Description of the task => Wherever a picture appears in the listing, leave it out, and copy the rest exactly.

Information provided =>
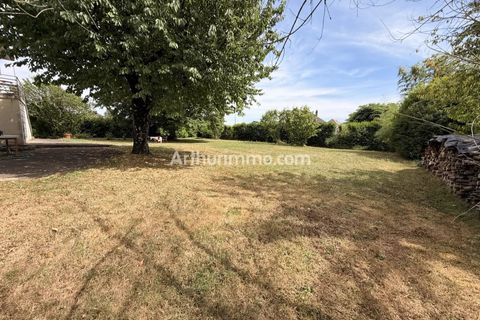 Villa en Bletterans, Jura, Bletterans - € 284.900 | Ref: 87176381 - photo 4
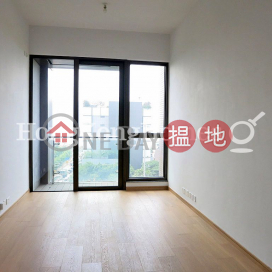 尚匯兩房一廳單位出售, 尚匯 The Gloucester | 灣仔區 (Proway-LID118026S)_0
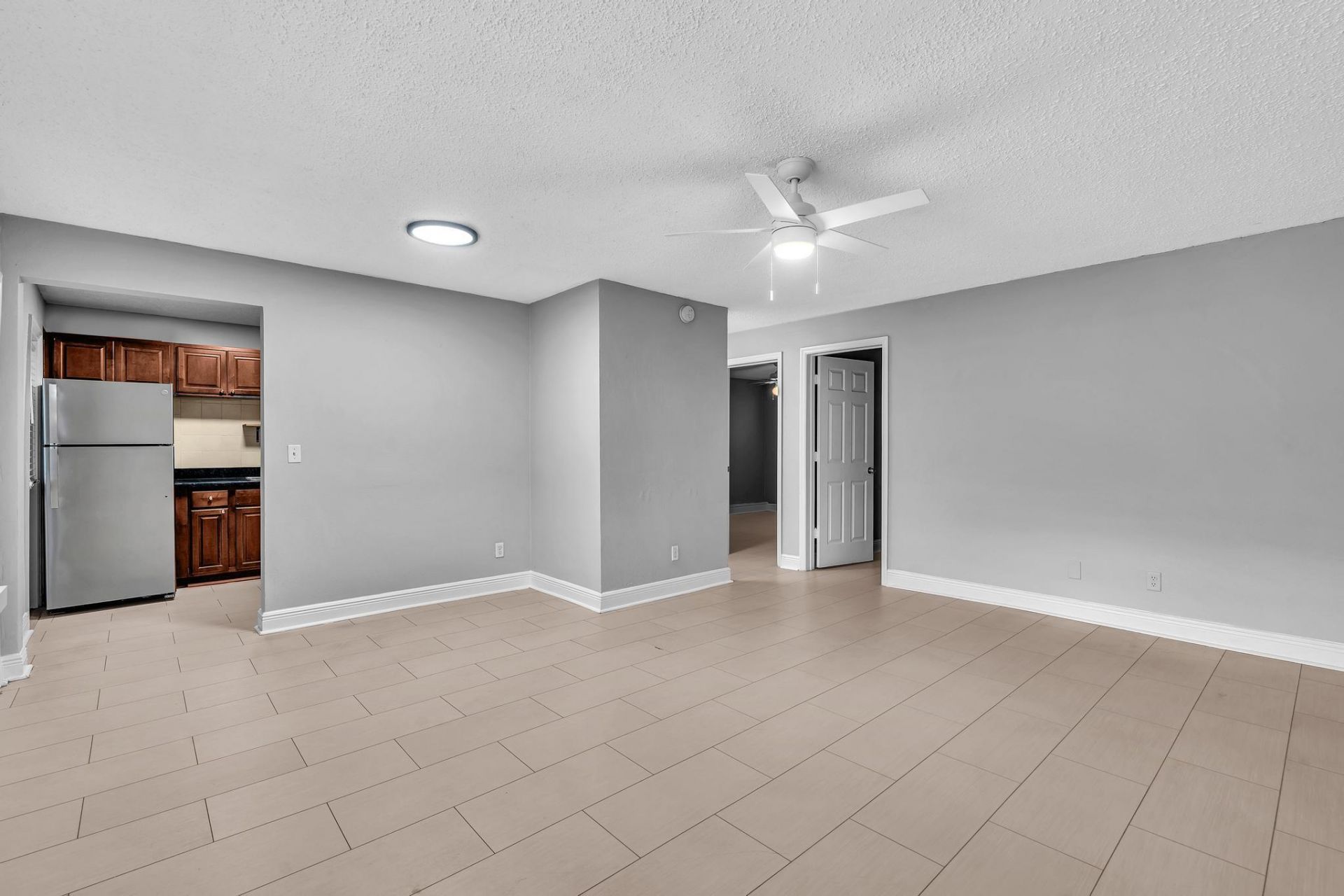 626 SW 14th Avenue, Unit 204, Fort Lauderdale, FL 33312 Photo
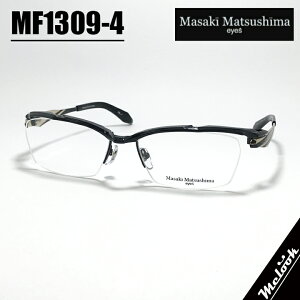 }TL}cV} Masaki Matsusima ዾ Kl t[ TOXMF1309-4-57 xtubN / zCgS[hrWYłDȃTOX쐬\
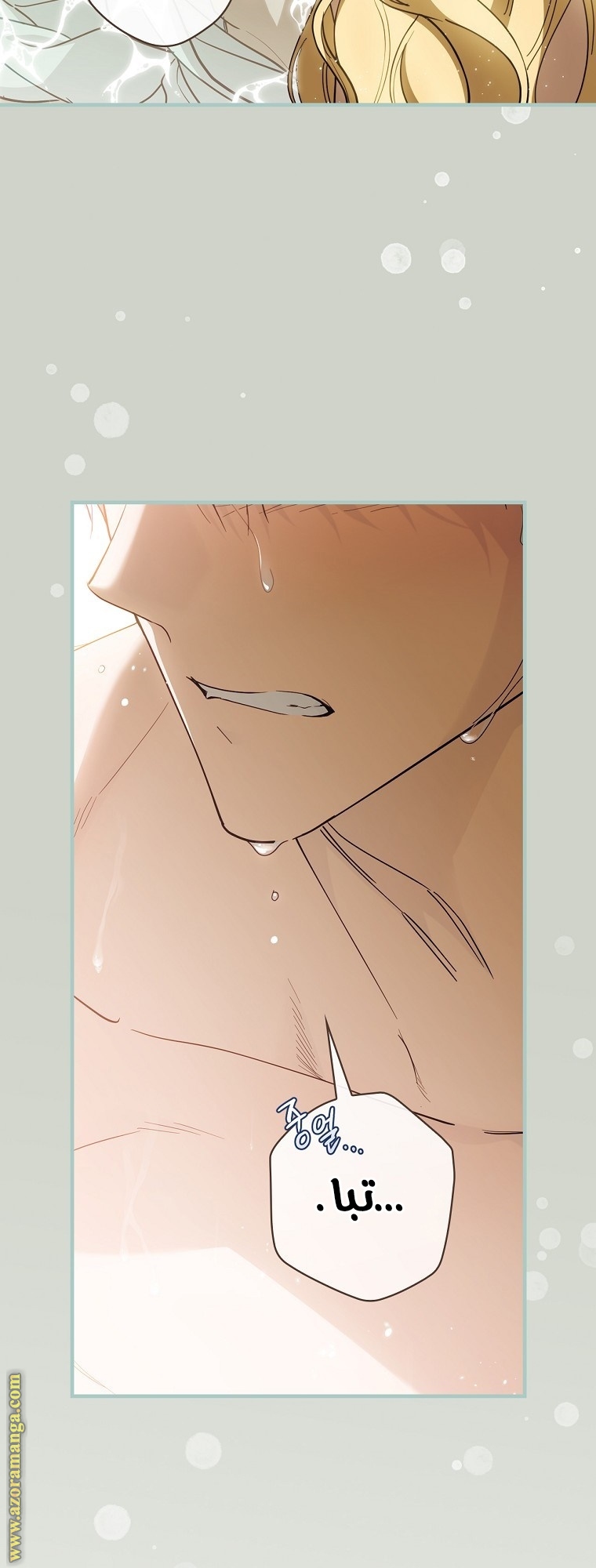 Read How to Get My Husband on My Side AR Manga Online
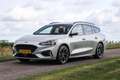 Ford Focus Wagon EcoBoost ST-Line ✅ B&O ✅ LED ✅ ACC Grijs - thumbnail 29
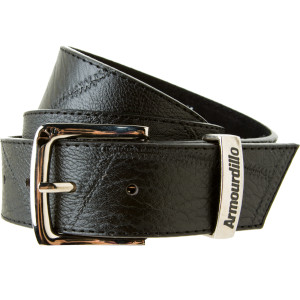 Storm Belt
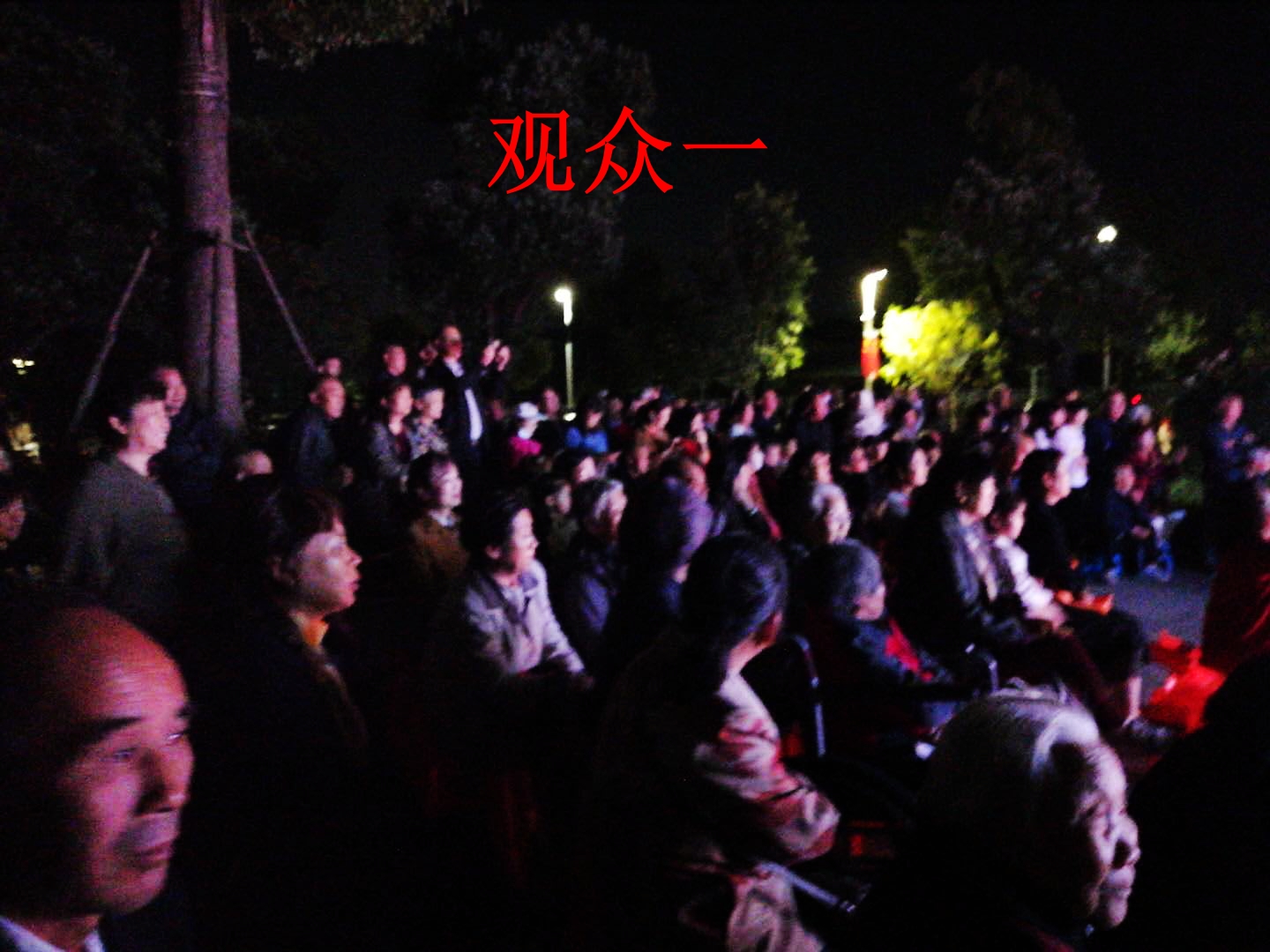 观众一.jpg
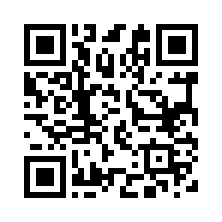 QR Code for 15W9WP6iCuNs6725tEdRpKqEoFj55qBc8b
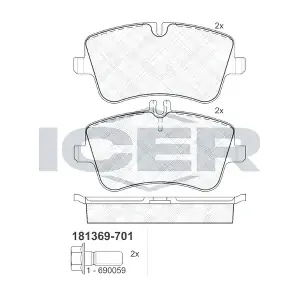 ICER 181369701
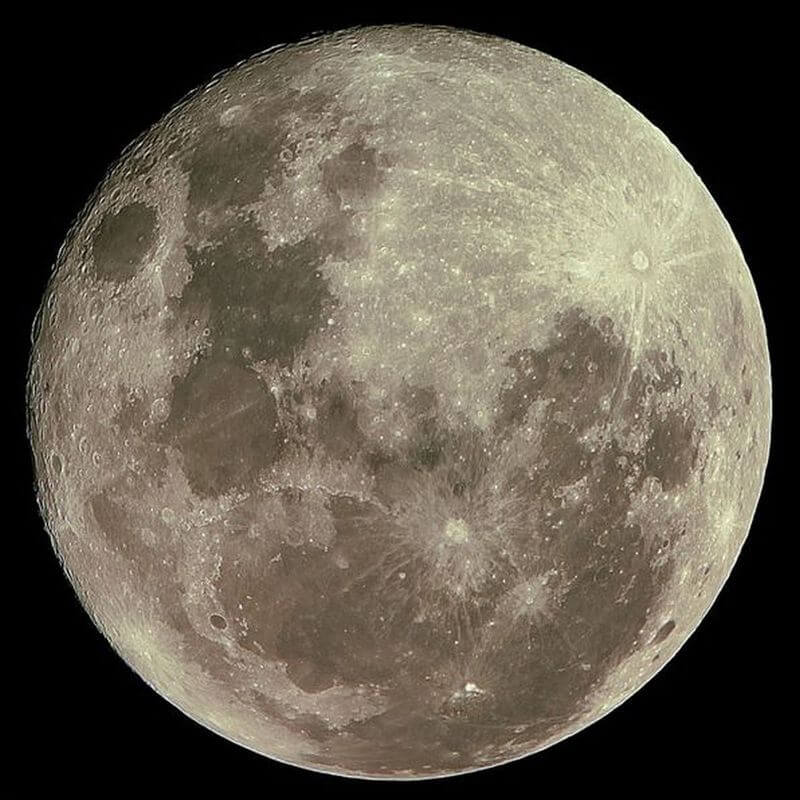 Telescop Dobson SkyWatcher Heritage 150/750 Flex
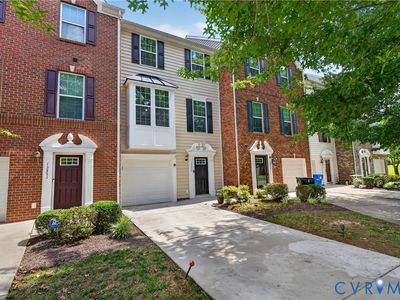 13373 Diamond Ridge Dr
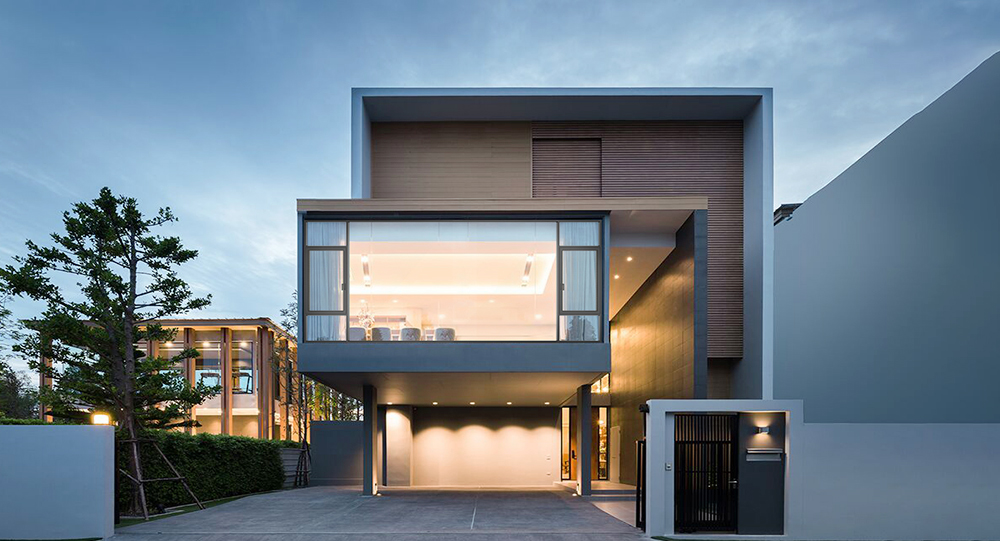 富隱S15全景自潔窗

Solution =>
 Villa en Bletterans, Jura, Bletterans - € 284.900 | Ref: 87176381 - photo 4
 尚匯兩房一廳單位出售, 尚匯 The Gloucester | 灣仔區 (Proway-LID118026S)_0
 626 SW 14th Avenue, Unit 204, Fort Lauderdale, FL 33312 Photo
 }TL}cV} Masaki Matsusima ዾ Kl t[ TOXMF1309-4-57 xtubN / zCgS[hrWYłDȃTOX쐬\
 Read How to Get My Husband on My Side AR Manga Online
 Ford Focus Wagon EcoBoost ST-Line ✅ B&O ✅ LED ✅ ACC Grijs - thumbnail 29
 Storm Belt
 观众一.jpg
 QR Code for 15W9WP6iCuNs6725tEdRpKqEoFj55qBc8b
 ICER 181369701
 Telescop Dobson SkyWatcher Heritage 150/750 Flex
 13373 Diamond Ridge Dr
 富隱S15全景自潔窗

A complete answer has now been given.